Born Patricia — Rooney is her mother’s maiden name and her middle name — and raised a town outside New York City, Mara’s older sister, Kate, is also an actor. But football is the family business. Her family on both sides has affiliations with the New York Giants and the Pittsburgh Steelers.

Mara graduated from NYU last year after studying international social policy and non-profits and is founder of Uweze, an organization which aids orphans in Kenya.

She lives in Los Angeles but is pleased to be in New York for the holidays with family. She may also take in a movie: Mara hadn’t seen Dragon Tattoo when interviewed by the Star, preferring to see it with a regular paying audience opening weekend rather than a private screening or at a premiere when all eyes are on her.

The whirlwind press tours that have taken her to London, Stockholm and New York over the course of just three days to promote the movie are her least favourite part of the process. She’s anxious to get back to work and hopes that includes the second and third movies in Larsson’s Millennium series trilogy.

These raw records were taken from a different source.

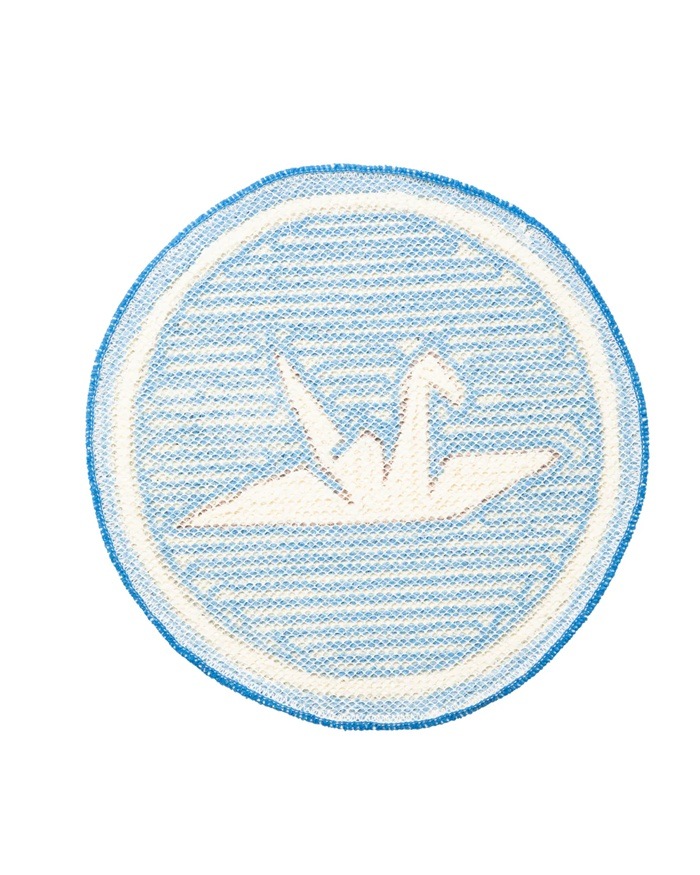 MIYOSHI RUG X LIBERAIDERS ORIZURU RUG
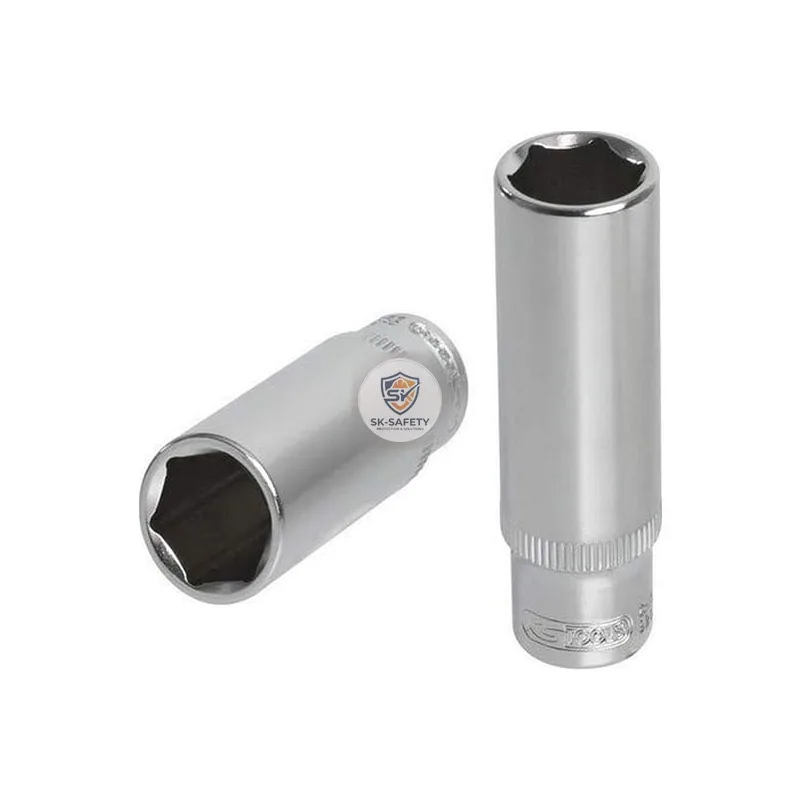 Douille longue ULTIMATE® 6 pans 1/4"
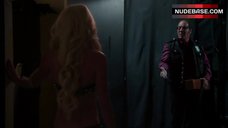 7. Chloe Crawford Lingerie Scene – Dice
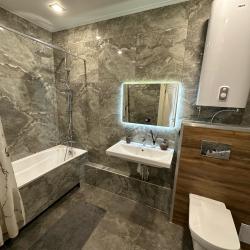 Фото Апартаменты на улице Дементьева 20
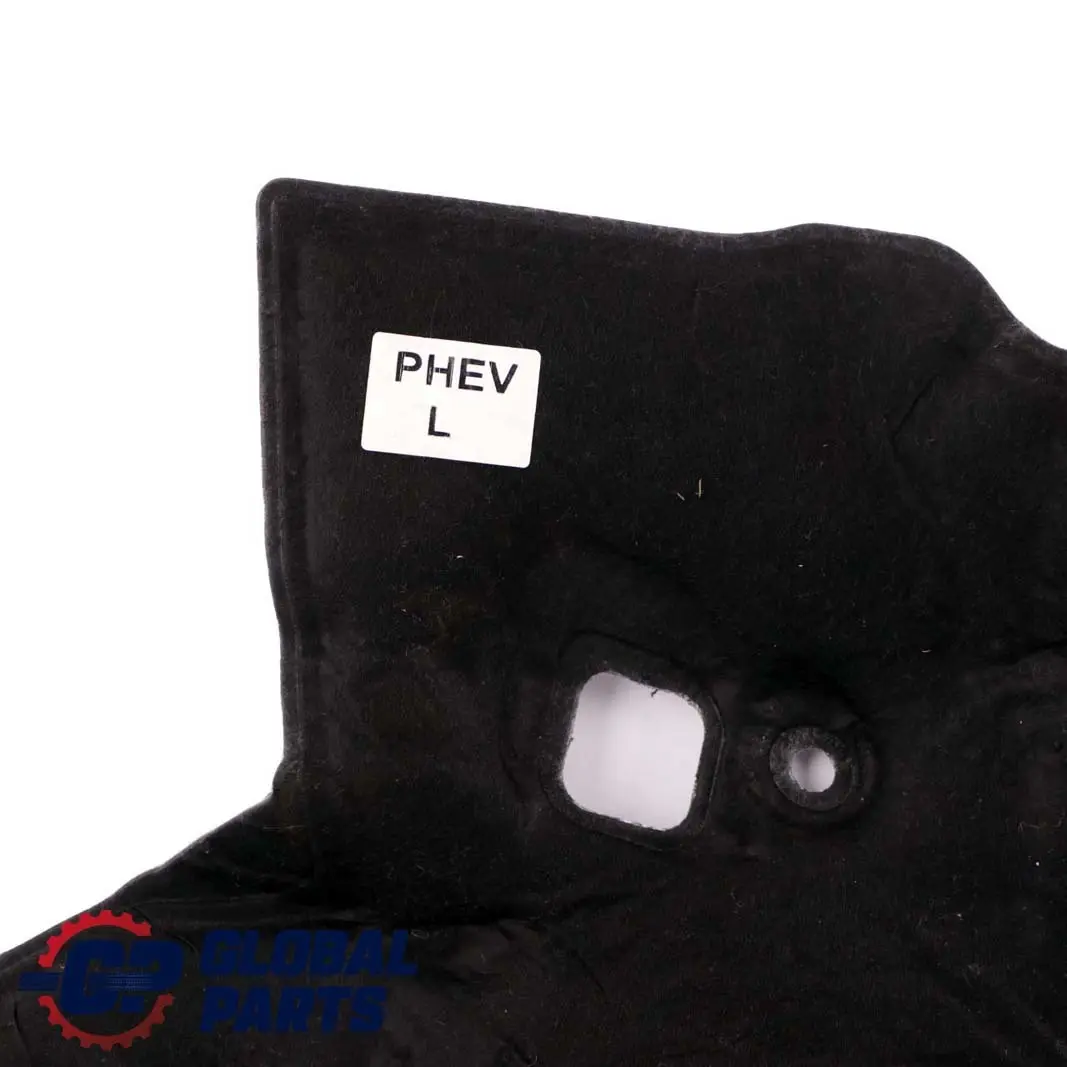 BMW 3 Series F30 LCI F30N Sound Insulation Trunk Rear Left N/S - SKU 7360251 - Part number 7360251
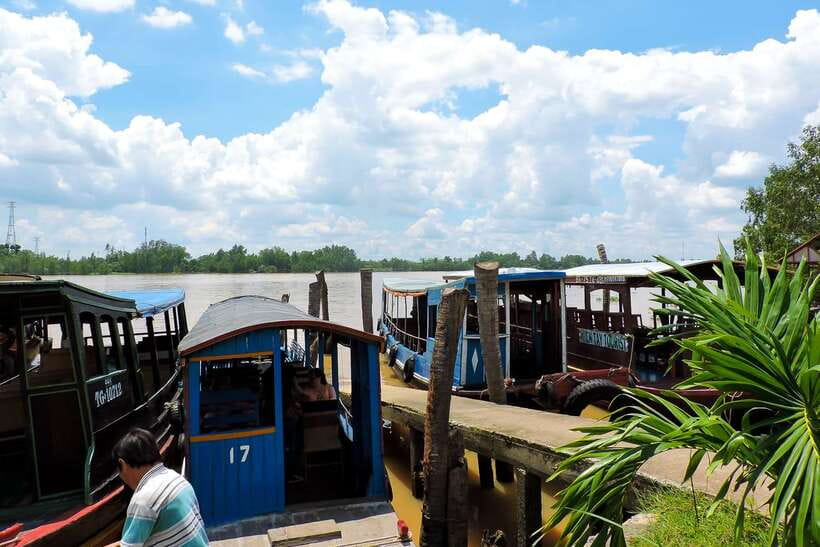 Ho Chi Minh City: Mekong Delta Tour with Sampan Journey - Lunch in the Mekong: how the day stays tasty, not rushed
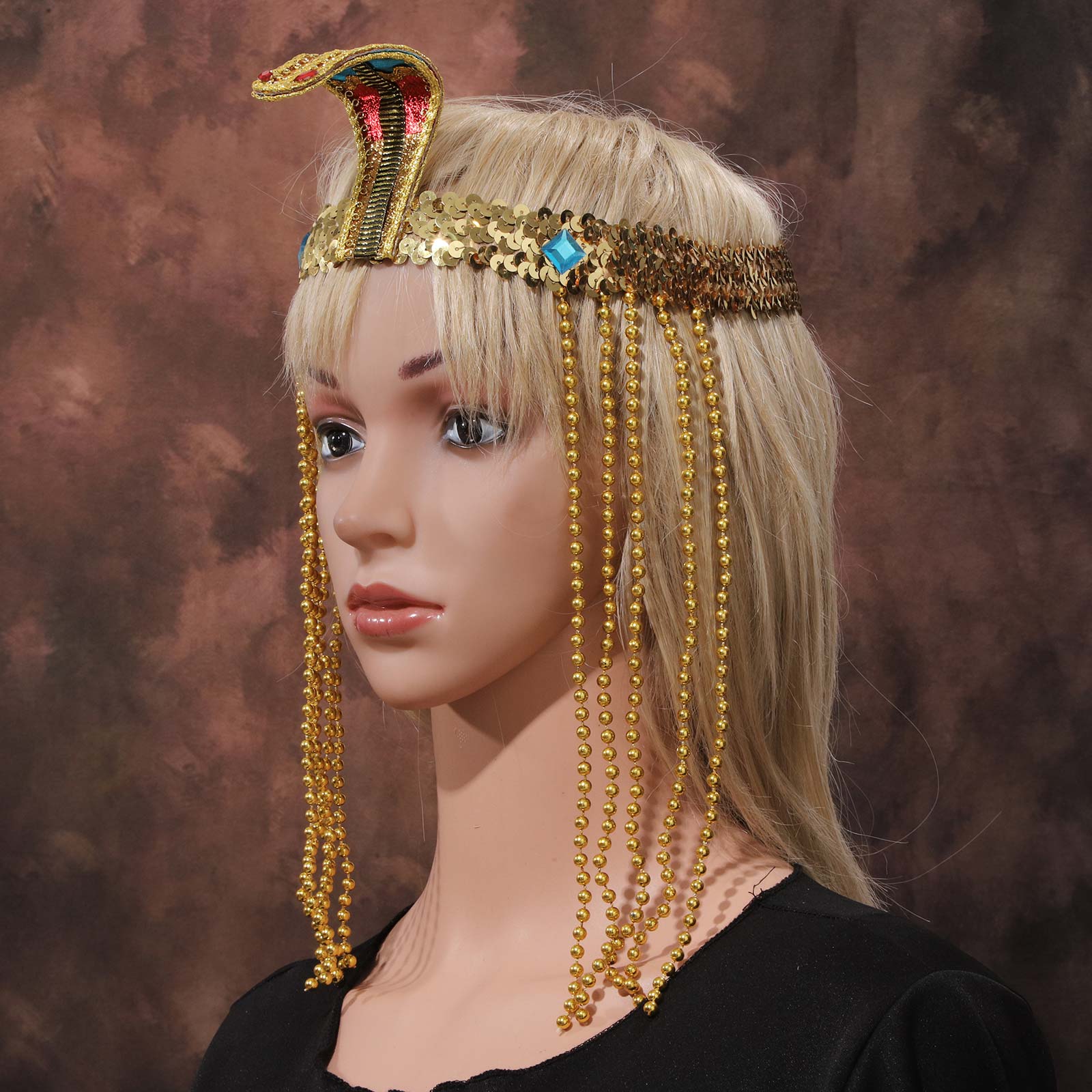 ผ้าโพกศีรษะราชินีอียิปต์โบราณแ - Women Accessories In Egypt บทวิจารณ์และราคา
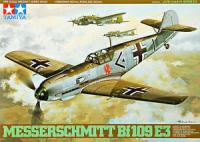 1/48 MESSERSCHMITT Bf109 E-3 (61050)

“I would be really sad not to do the other two movies. I don’t feel finished with the character,” said Mara. “I would love to get back to work. This part of it,” she adds of the press tours, “I really don’t enjoy this part of it. For someone like me, it feels very scary and vulnerable much more than anything I was asked to do on this movie. This part is daunting. The actual work isn’t.”